==== Extracted data
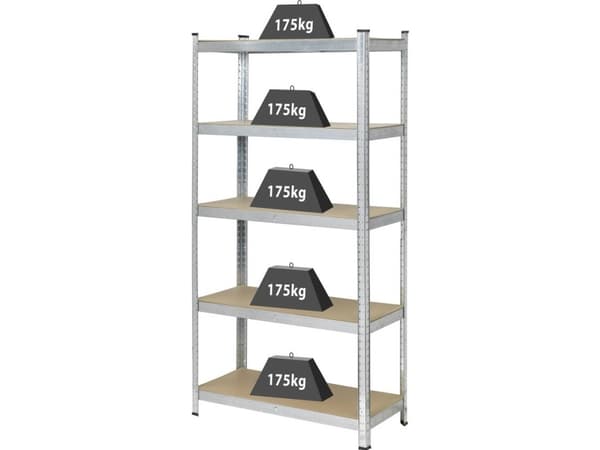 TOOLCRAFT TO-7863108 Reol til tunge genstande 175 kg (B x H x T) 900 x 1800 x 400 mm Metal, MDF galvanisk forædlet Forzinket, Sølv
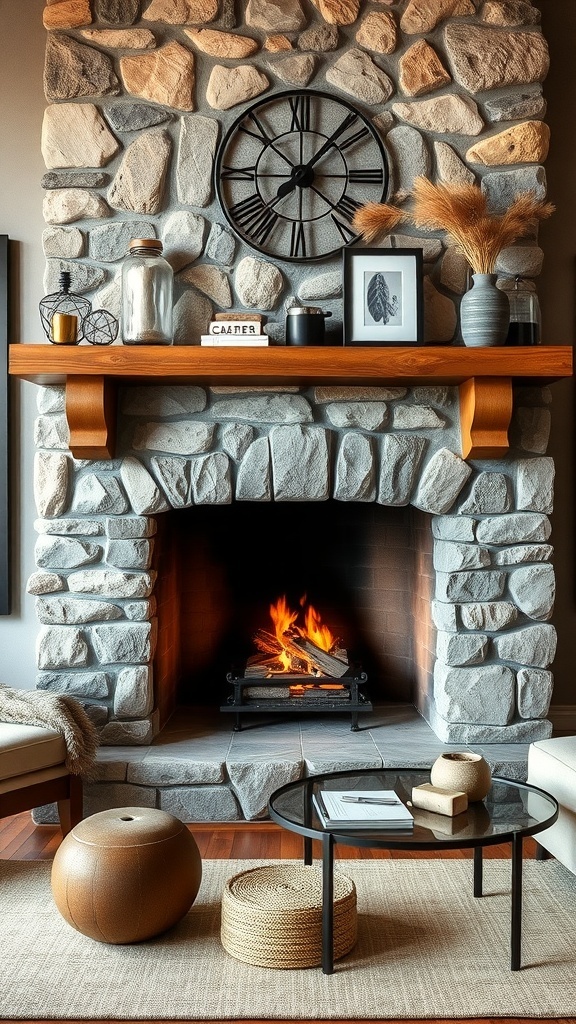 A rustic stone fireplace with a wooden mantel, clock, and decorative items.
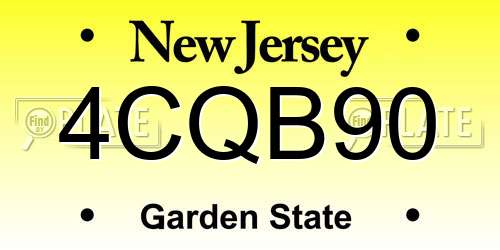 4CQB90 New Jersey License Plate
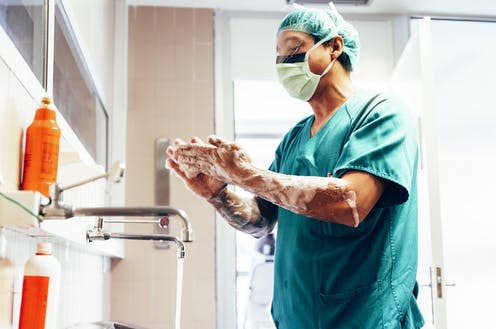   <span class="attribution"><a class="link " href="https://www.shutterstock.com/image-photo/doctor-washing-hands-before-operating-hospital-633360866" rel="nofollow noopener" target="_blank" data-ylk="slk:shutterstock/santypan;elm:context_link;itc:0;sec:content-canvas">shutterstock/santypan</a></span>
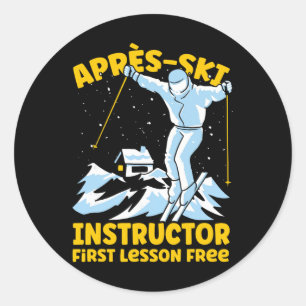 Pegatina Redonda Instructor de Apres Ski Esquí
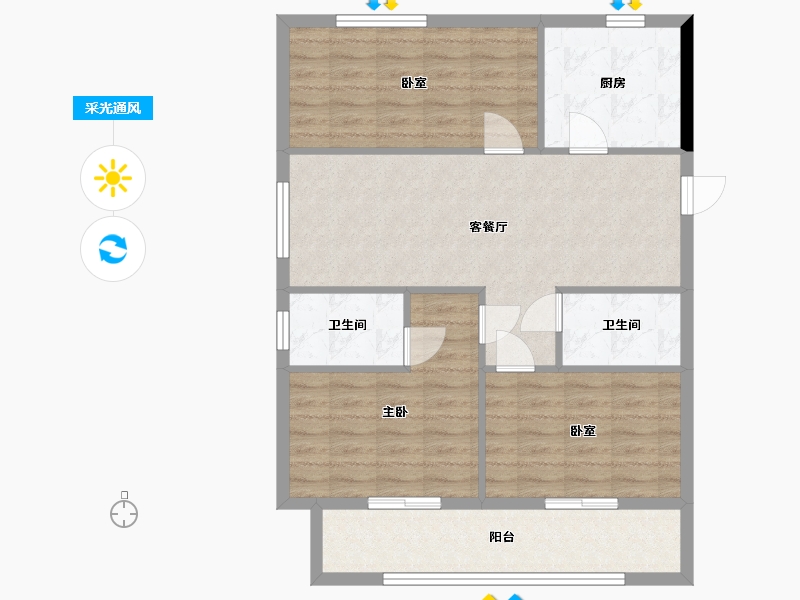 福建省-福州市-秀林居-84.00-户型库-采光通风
========
• _What needs to be done_: Reproduce each record above by retyping it exactly; omit all images.

• _Response to the exercise_:
 TOOLCRAFT TO-7863108 Reol til tunge genstande 175 kg (B x H x T) 900 x 1800 x 400 mm Metal, MDF galvanisk forædlet Forzinket, Sølv
 A rustic stone fireplace with a wooden mantel, clock, and decorative items.
 4CQB90 New Jersey License Plate
   <span class="attribution"><a class="link " href="https://www.shutterstock.com/image-photo/doctor-washing-hands-before-operating-hospital-633360866" rel="nofollow noopener" target="_blank" data-ylk="slk:shutterstock/santypan;elm:context_link;itc:0;sec:content-canvas">shutterstock/santypan</a></span>
 Pegatina Redonda Instructor de Apres Ski Esquí
 福建省-福州市-秀林居-84.00-户型库-采光通风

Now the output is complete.